▸ DESCRIPTION OF THE TASK:
Could you output the whole listing exactly as it stands, minus any images?

▸ SOURCE DATA:
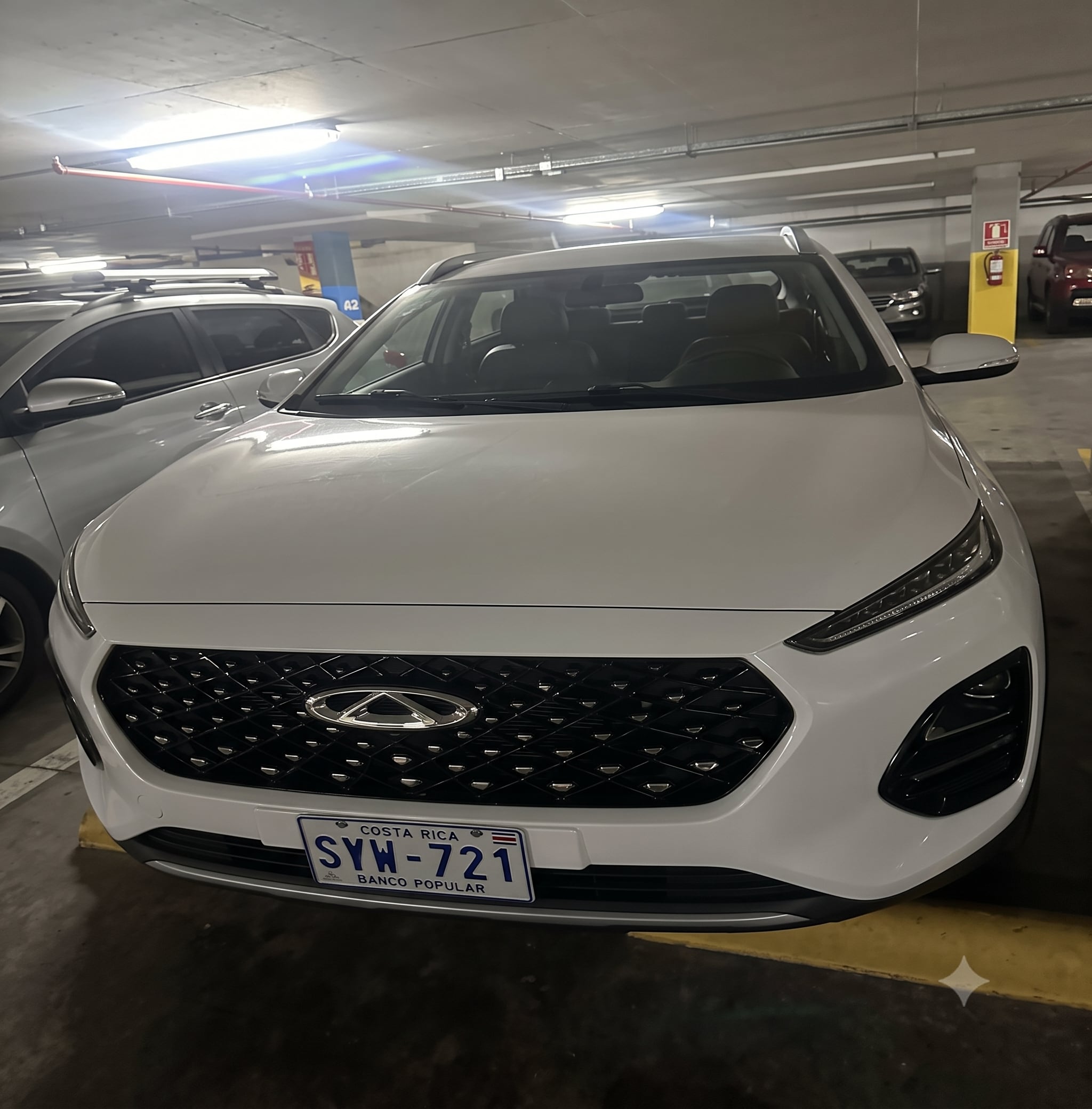 Carro marca Chery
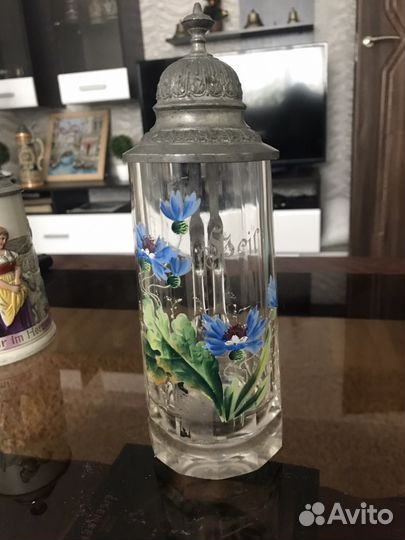 Кружка пивная антикварная Германия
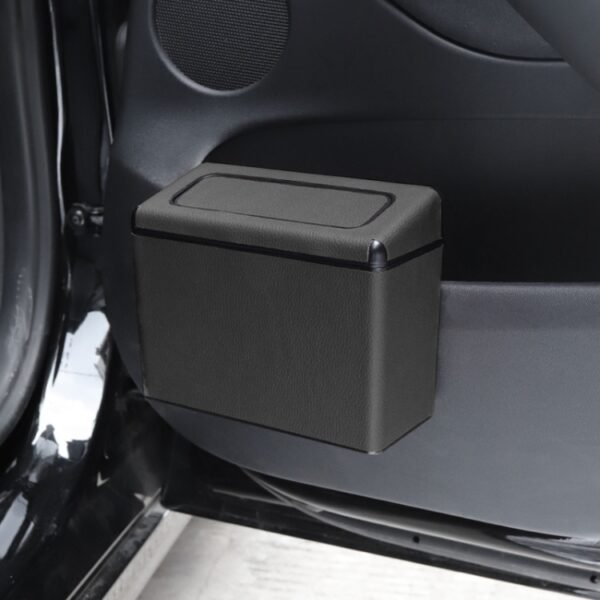 Car Plastic Trash Can Large Capacity Interior Accessories Box - Image 7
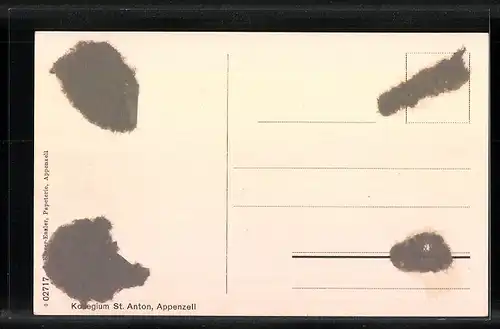 AK Appenzell, Kollegium St. Anton mit Kräutergarten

▸ TASK ANSWER:
 Carro marca Chery
 Кружка пивная антикварная Германия
 Car Plastic Trash Can Large Capacity Interior Accessories Box - Image 7
 AK Appenzell, Kollegium St. Anton mit Kräutergarten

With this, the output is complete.